GOAL OF THE EXERCISE: All that is wanted is the line with "Damen Elegante Asymmetrischer" and each line after it to the end of the data below, set down exactly and without pictures.

INPUT DATA:
• • • • • • •

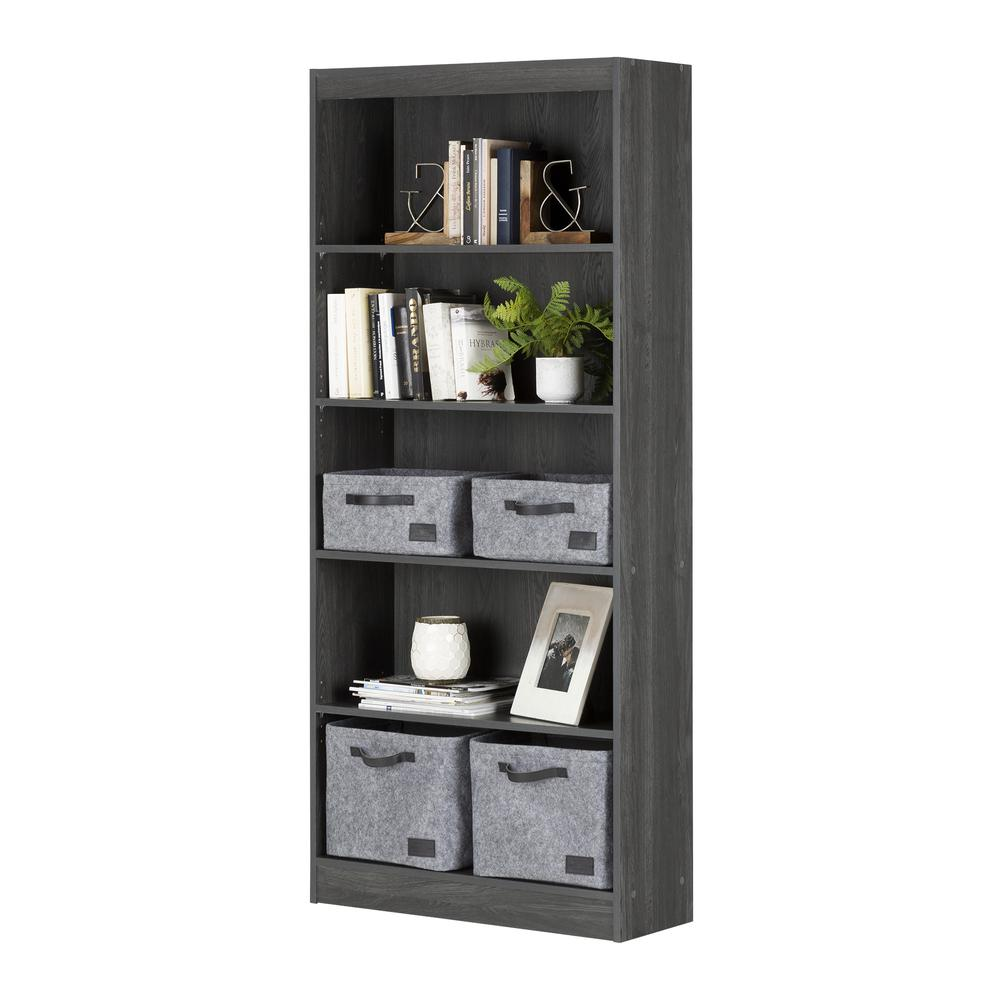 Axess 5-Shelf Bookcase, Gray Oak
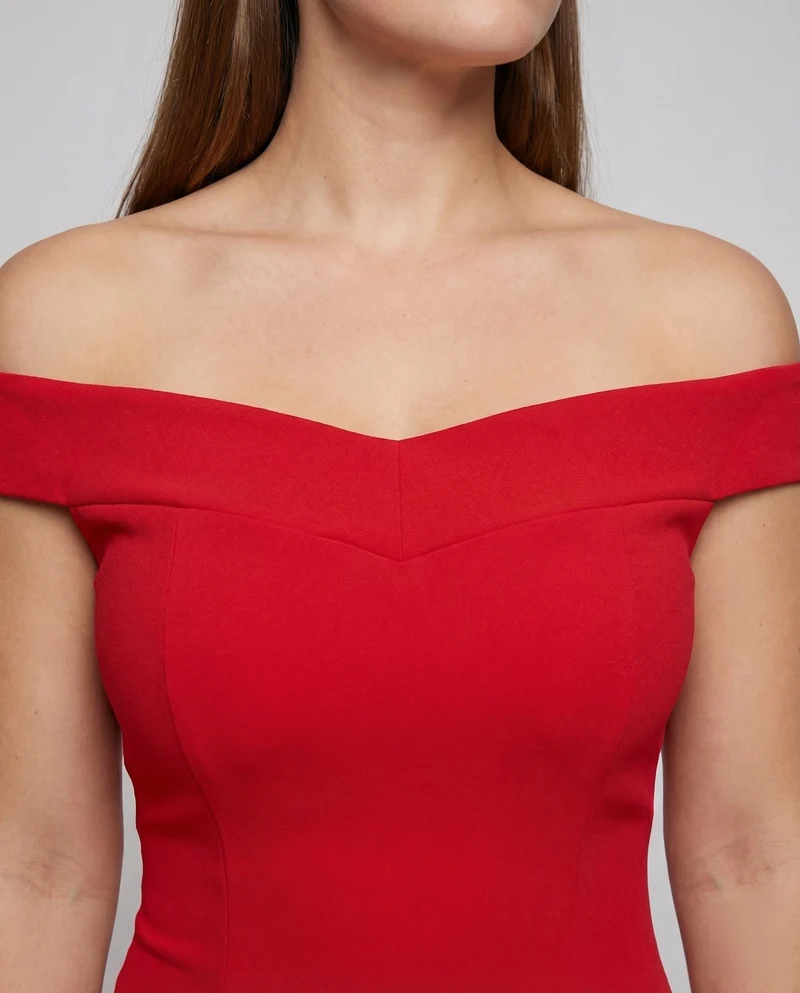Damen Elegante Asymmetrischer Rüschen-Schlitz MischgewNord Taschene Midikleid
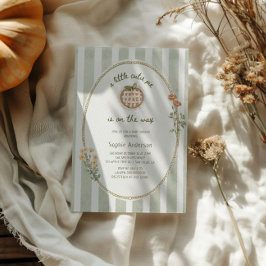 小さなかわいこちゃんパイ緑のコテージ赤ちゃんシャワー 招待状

• • • • • • •

RESPONSE:
Damen Elegante Asymmetrischer Rüschen-Schlitz MischgewNord Taschene Midikleid
 小さなかわいこちゃんパイ緑のコテージ赤ちゃんシャワー 招待状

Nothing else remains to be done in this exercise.